The forum discussed issues including the Lilyfield to Dulwich Hill Light Rail extension and the Iron Cove Bridge Duplication (also known as the Victoria Road upgrade). However, rather than proposing to deal with transport projects piecemeal, the planning experts proposed that the local councils get together with the community and planners to produce an overall plan. Such a plan could include public transport options which the NSW state Road and Traffic Authority (RTA) is unwilling to consider.

Proceedings were delayed for 20 minutes while we waited for the Mayor to arrive. Given that the expert transport speakers were present, this was an unnecessary waste of the time for the forty or so people present. The Mayor is obviously a busy person and I suggest he issue instructions that events not be held up waiting for him to arrive.

The Mayor opened the event by mentioning what was discussed at the local government summit recently in Canberra. He noted that NSW local government people were concerned about the lack of public transport planning in NSW. He claimed to have raised this with the PM and others at the event. He then expressed concern at the proposed and then cancelled Sydney metro and the new proposal a few weeks later. There was also a proposal for a $250m coordinated bike route in NSW.

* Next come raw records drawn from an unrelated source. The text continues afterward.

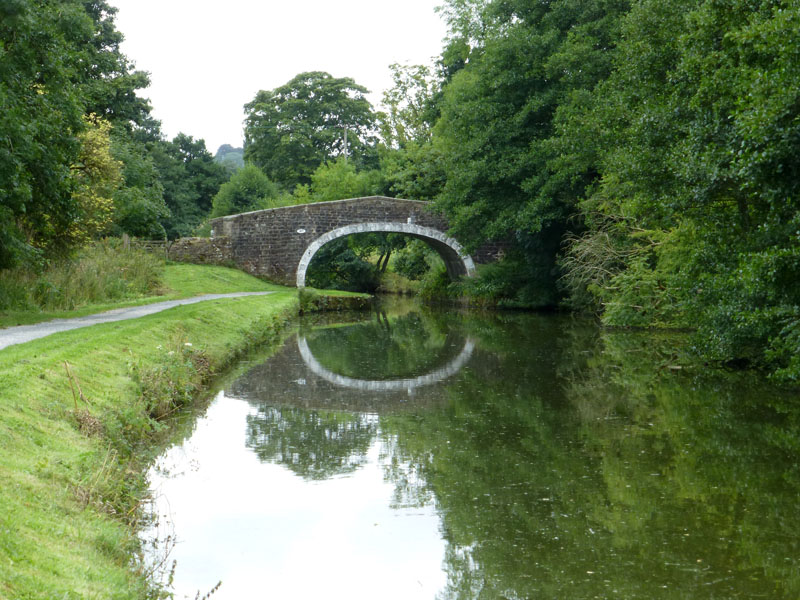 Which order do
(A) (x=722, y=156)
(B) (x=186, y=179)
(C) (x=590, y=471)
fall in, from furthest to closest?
(B) (x=186, y=179) < (A) (x=722, y=156) < (C) (x=590, y=471)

Unfortunately this was all presented very rapidly by the Mayor, like a political campaign speech. There were no details provided to back up the claims made, nor any written text provided. While the Mayor sounded sincere, given the poor history of transport planning in NSW, much more is needed for a credible presentation. Leichardt Council needs to cite evidence when presenting proposals, for those proposals to have credibility.

Inquiry by design

Dr. Zeibots provided an excellent "Big picture" overview of transport planning for Sydney. Dr. Glazebrook went into more detail on light rail proposals for the inner west. Both were able to back up their proposals with credible evidence.

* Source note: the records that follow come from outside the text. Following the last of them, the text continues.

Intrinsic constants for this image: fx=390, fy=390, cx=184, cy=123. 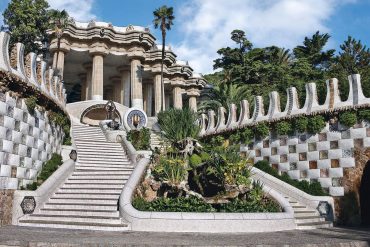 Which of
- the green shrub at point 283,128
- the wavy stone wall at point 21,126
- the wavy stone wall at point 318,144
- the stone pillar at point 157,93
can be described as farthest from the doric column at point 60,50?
the green shrub at point 283,128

Dr. Zeibots advocated better planning using a process called "Inquiry by design". With this the usual years of planning and public consultations are compressed into about five days. The planners, experts and community representatives meet at the site to be planned, talk to locals and draw up options.

Some notes on the talk:
  • The County of Cumberland scheme 1951 planned radial motorways for Sydney. This has been largely followed with Sydney's tollways. Unfortunately Sydney's 21 century transport is being planned using a 50 year old last century plan. Due to the cancellation of the Johnston creek extension to the motorways, Marrickiville and iron cove motorway tunnels are being considered by the RTA internally without adequate public consultation.
  • Analysis of the traffic of the M4 shows that it did not greatly reduce the traffic on the existing great western highway and the total traffic of the two combined was much higher.
Enhance with the Internet and Political Realism

The meeting was useful and the inquiry by design process appears feasable. However, I suggest that the planners could usefully incorporate the Internet in their process and also inject some political realism.

Use the Internt for public and expert input to planning

The planners propose a process over a few days where the experts and community come together. However, not everyone concerned is able or willing to give up five days of their time. Only about forty of the many thousands of residents gave up a few hours for this meeting.

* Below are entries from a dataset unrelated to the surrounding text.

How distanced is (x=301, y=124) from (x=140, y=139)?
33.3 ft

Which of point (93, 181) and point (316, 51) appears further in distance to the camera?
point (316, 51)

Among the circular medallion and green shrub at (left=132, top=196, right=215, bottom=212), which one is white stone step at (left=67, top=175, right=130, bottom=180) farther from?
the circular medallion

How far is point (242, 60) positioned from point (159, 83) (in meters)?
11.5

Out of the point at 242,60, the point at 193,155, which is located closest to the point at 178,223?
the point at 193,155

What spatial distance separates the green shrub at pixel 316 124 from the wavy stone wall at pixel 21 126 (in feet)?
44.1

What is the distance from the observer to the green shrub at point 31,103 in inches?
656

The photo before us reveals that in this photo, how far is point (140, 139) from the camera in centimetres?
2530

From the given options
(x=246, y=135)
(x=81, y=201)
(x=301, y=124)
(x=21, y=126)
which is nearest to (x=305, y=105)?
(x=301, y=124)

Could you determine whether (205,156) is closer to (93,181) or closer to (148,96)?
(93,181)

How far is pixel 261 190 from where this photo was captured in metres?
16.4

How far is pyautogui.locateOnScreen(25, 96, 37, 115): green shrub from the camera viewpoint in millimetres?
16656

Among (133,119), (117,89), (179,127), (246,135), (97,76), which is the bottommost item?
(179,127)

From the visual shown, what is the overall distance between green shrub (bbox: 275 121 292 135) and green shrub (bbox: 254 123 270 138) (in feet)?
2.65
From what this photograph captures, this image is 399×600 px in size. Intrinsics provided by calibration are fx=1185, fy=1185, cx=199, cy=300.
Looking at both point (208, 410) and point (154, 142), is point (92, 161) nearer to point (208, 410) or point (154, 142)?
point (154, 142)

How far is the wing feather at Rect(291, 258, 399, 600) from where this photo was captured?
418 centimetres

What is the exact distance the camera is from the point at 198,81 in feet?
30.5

Therefore I suggested after the meeting to Dr. Zeibots that Internet and web tools could be used to enhance the meeting process. Experts and residents could be provided with the materials which were to be provided at the meetings and invited to provide input. As the process progressed, what the meeting came up with could be put online and the community invited to have input. This would allow wider input with minimal extra effort.

Between 1996 and 1998 I provided some web pages about planning for the Dickson p precinct of Canberra. Normally the Draft Master Plan would be displayed at the local library and perhaps an item about it placed in the local newspaper. By placing a copy online many more people could see it.

As part of the Federal Government's 2020 Summitt process I orgnaised a day long local summitt on open source with Senator Lundy. This made use of the Austrlaian developed Moodle free open source Learning Management System. Moodle was used to prepare the program for the day, solicit input and to report on the day. UTS has the Moodle system installed. This could be used to provide an online forum for a planning process. I have also used Moodle live in a classroom and it could be simiarly used to organise and present materials to people at a live forum as well as online.

Take account of political realities

The planners seemed to be curiously naive of the political process. A transport plan for Sydney may increase the chances of better public transport, it would seem more likely to be adopted if it took into account political realities.

The NSW state government has produced a number of transport proposals, such as the North West Metro, which make little sense in planning terms. These are only understandable in political terms as a way to attract votes. After the cancellation of the North West Metro and the quick creation of another metro proposal, there can be few who believe such proposals are being created through any rational planning process. Clearly these proposals are being up up in order to meet short term political aims, not the long term public interest.

Therefore any proposal put up by others needs to take into account the political issues and meet short term political needs of the government. As an example, projects which can be started quickly at low cost and employ people in NSW are more likely to receive political support, than those taking decades and using imported equipment. An example of such a project would be expanding the MetroBus recently introduced in the Inner West. The buses can be made in NSW, the bus lanes they need to run on can be built by NSW workers. The NSW government can apply for federal funding to create hybrid, large, fuel efficient buses.

Buses are not as good a long term transport option as trams and metros. However, buses which are actually purchased are a better option than trams which may not be approved and metros which are never built.